I made my husband see of the motor on the second 66 I have works. I think he's starting to think I'm getting obsessive about sewing machines.


----------



## JanO (Jun 17, 2003)

That is a beautiful machine and cabinate. Congratulations on finally trying it out. Can't wait to see some of the masterpieces you make with it.


----------



## happyjunker (Mar 22, 2009)

There are worse things in the world Cathy. I know I have been obsessing on a little black Singer for the past week or so. Never, ever was interested in them in the past, now I just MUST have one! I blame this board! Everyone was posting those shiny little black machines... I could spend $50 in many less prudent ways. It isn't hard these days. 

I'm all into giving my sewing room a good cleaning and organization too. I had Dave bring in a very old heavy solid wood storm door that I bought years ago. I'm going to turn it into something fantastic for storage. It is filthy and has mud daubers nests on it right now. Fresh from the little ramshackle garage. I'm going to bring in a second tall chrome shelf from the shed too so I can go more vertical with storage.


----------



## Chixarecute (Nov 19, 2004)

Beautiful job on the cabinet! I've never seen one like that. And Congrats for making time to learn something new and fun!!!


----------



## Ruby (May 10, 2002)

What a beautiful machine and cabinet. Congrats on learning to use it. I need to buy another belt for the motor on mine and clean it up good. It sit for years without being used. I used it back in the summer while my Janome was in the shop. The belt broke on the motor so I just put the leather belt on it and started using it as a treadle.


----------



## ErinP (Aug 23, 2007)

I agree with everyone else. What a lovely machine and cabinet. You can tell you've_ loved_ it even if you haven't used it.


----------



## grannygardner (May 4, 2005)

That's a beautiful piece of furniture and the fact that it holds a treadle machine makes it more so. I love treadle machines and hope to find one for my own.


----------



## happyjunker (Mar 22, 2009)

It will take a bit of time and practice to get used to the whole starting/stopping thing. Mostly the starting. I've bunched the thread up on the back side several times, but the good thing is, it hasn't stopped the machine from moving. The lift bar comes un threaded very easy when I get going the wrong way. I need to remember to check that out. That is what is causing the bunching underneath I think. It is a pretty toy.


----------



## Ruby (May 10, 2002)

happyjunker said:


> It will take a bit of time and practice to get used to the whole starting/stopping thing. Mostly the starting. I've bunched the thread up on the back side several times, but the good thing is, it hasn't stopped the machine from moving. The lift bar comes un threaded very easy when I get going the wrong way. I need to remember to check that out. That is what is causing the bunching underneath I think. It is a pretty toy.

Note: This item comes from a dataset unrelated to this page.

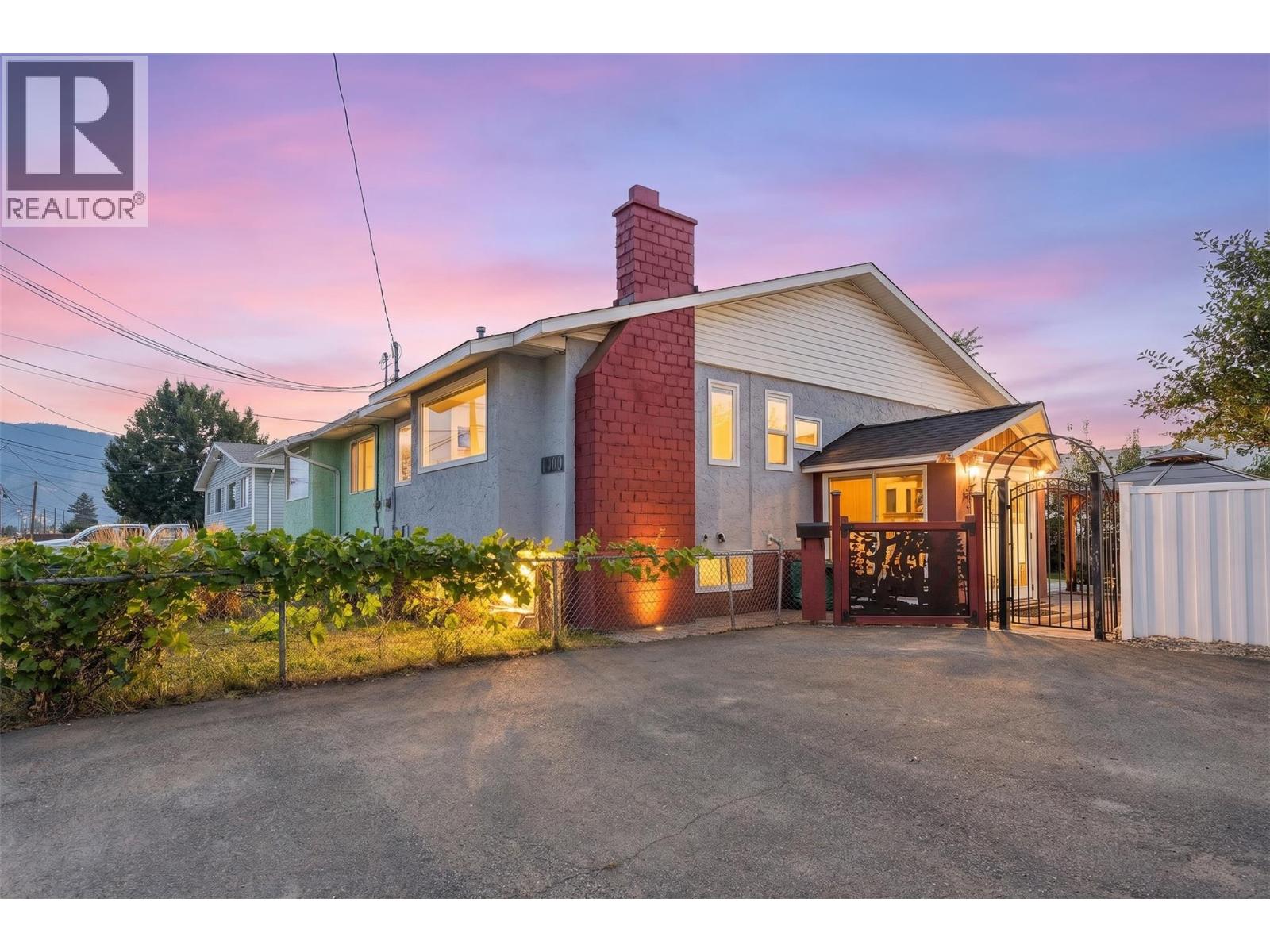 MLS® listing #30199304 for sale located at 1090 Windbreak Street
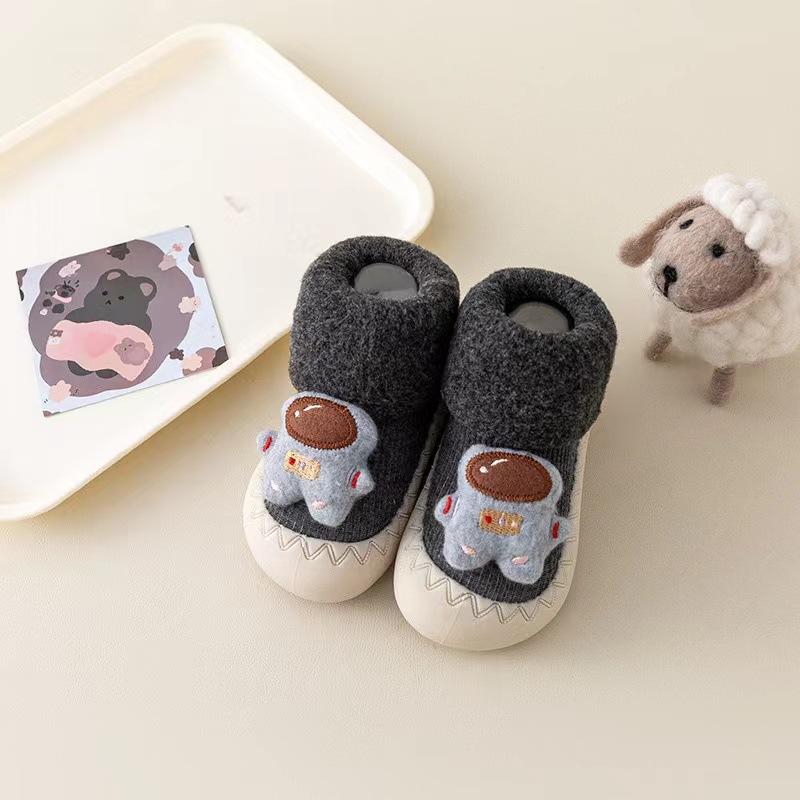 Newborn Baby Toddler Shoes Spring and Autumn Moving Season Cartoon Fleece Thickened Indoor Non-slip Soft Sole Indoor Floor Shoes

When you get ready to start a seam. Make sure the lift bar is in the up position, then put your hand on the hand wheel and turn the wheel with your hand as you start peddling. That will stop the thread from bunching and stop the wheel from turning the wrong direction. I learned to sew on a treadle when I was 5 yrs. old. and I still use my hand to start the machine sewing. That is just how a treadle works. Once you get use to doing that it will just come naturally.


----------



## happyjunker (Mar 22, 2009)

Thank you for the tip Ruby. I will give that a try. I cut out a pair of fabric shoes yesterday, and thought it would be a good project to try on this machine. Maybe not. It took me forever to get a good stitch on the little pieces of velcro for the straps. I may be better off saving it for piecing a simple block quilt. 

The machine functions properly, so it's just a matter of learning how to use it. 

I pick up my new 15-91 this afternoon. Yay!


----------